The pass is trying to sink the trailing scf.for out of the WarpExecuteOnLane0Op (the dump of the vector.warp_execute_on_lane_0 immediately before failure is here). The failure is because the vector, vector<1xf32>, is not distributable among threads in the warp. This is the IR when running iree before the changes https://gist.github.com/IanWood1/0070caf994707fbf84a08ff04ec43cb5.

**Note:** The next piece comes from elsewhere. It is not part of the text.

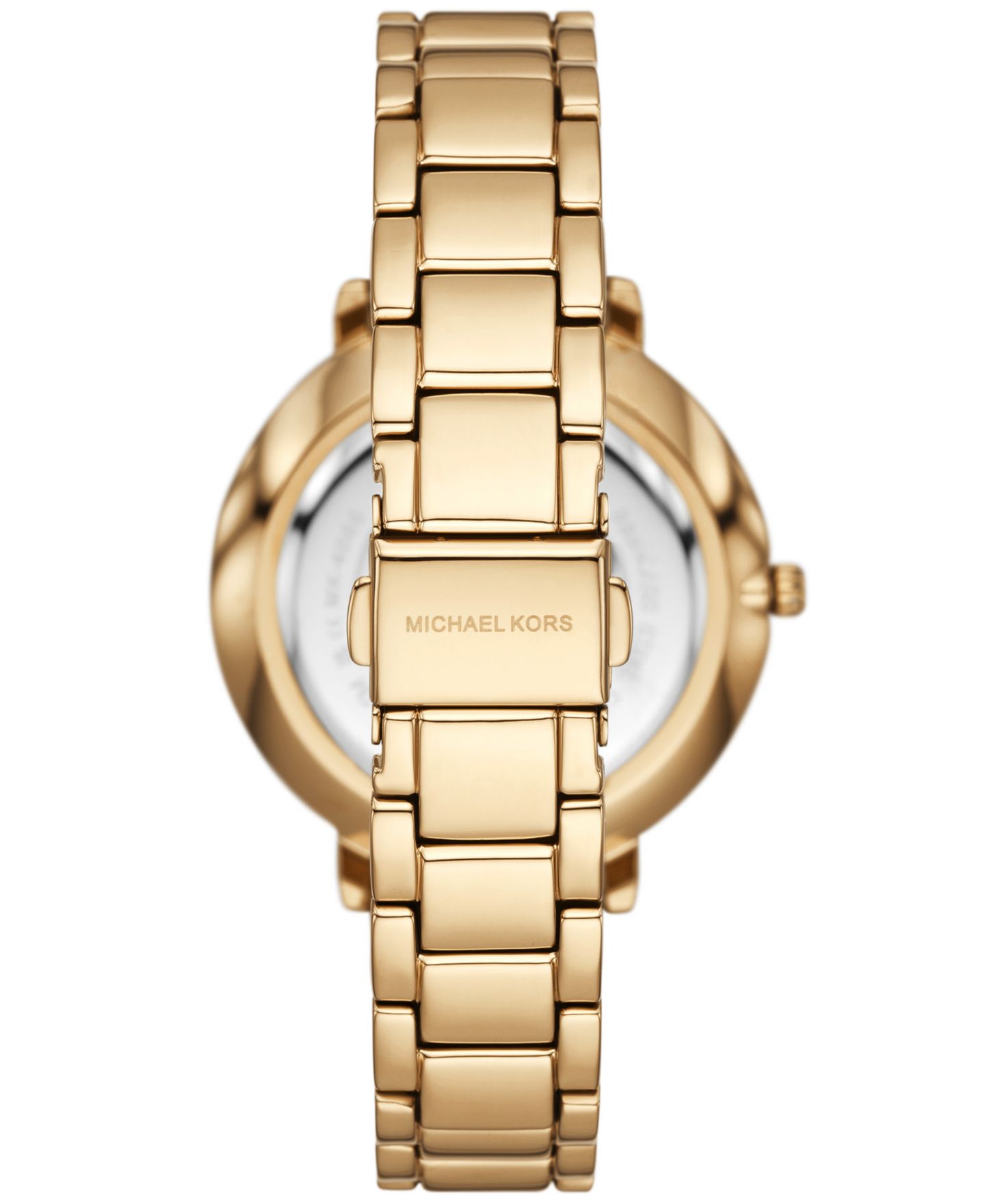 Женские часы Michael Kors Pyper Three-Hand Gold-Tone Bracelet Watch 38mm, цвет: Золотой — фото 3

As far as I can tell, this isn't a correctness issue with my changes. But since I'm not familiar with this area, I can't be certain if this is an issue with my implementation or not. It seems like the 1 element vector should be convertible to a scalar or just not be distributed. I was able to successfully compile when disabling distribution of the 1elem vector (but I cant speak to correctness)

hanhanW commented 1 week ago

Can you share the executable source artifact? I.e., the dispatch in the output of --iree-hal-dump-executable-sources-to=/tmp/dump.

IanWood1 commented 1 week ago

https://gist.github.com/IanWood1/827aee042ff6968070d2d0c6beccae4a

hanhanW commented 1 week ago

https://gist.github.com/IanWood1/827aee042ff6968070d2d0c6beccae4a

It looks complicated.. @MaheshRavishankar do we expect to have elementwise -> reduction -> elementwise -> reduction -> elementwise dispatch?

@Groverkss would you be able to help fix it?

To repro: run iree-compile --output-format=vm-bytecode --compile-from=executable-sources ~/repro.mlir -o /tmp/a.vmfb.

MaheshRavishankar commented 1 week ago

https://gist.github.com/IanWood1/827aee042ff6968070d2d0c6beccae4a

It looks complicated.. @MaheshRavishankar do we expect to have elementwise -> reduction -> elementwise -> reduction -> elementwise dispatch?

@Groverkss would you be able to help fix it?

To repro: run iree-compile --output-format=vm-bytecode --compile-from=executable-sources ~/repro.mlir -o /tmp/a.vmfb.

Yeah this is expected. It is basically softmax fusion

hanhanW commented 1 week ago

Okay... I just found that it is enabled under some flags. I'm seeing that the benchmark is using additional flags (e.g., --iree-flow-enable-aggressive-fusion) which falls to experimental benchmark suites. I don't think that it should be a blocker for @IanWood1 's PR because it is experimental and it is blocking other work.

Is there a way to unblock this? I've been wanting it for three weeks. Can we make it happen by default, and add a flag to disable it in the benchmark?

hanhanW commented 1 week ago

https://gist.github.com/IanWood1/827aee042ff6968070d2d0c6beccae4a

To repro: run iree-compile --output-format=vm-bytecode --compile-from=executable-sources ~/repro.mlir -o /tmp/a.vmfb.

@bangtianliu Mahesh mentioned that you could help on this. Can you take a look?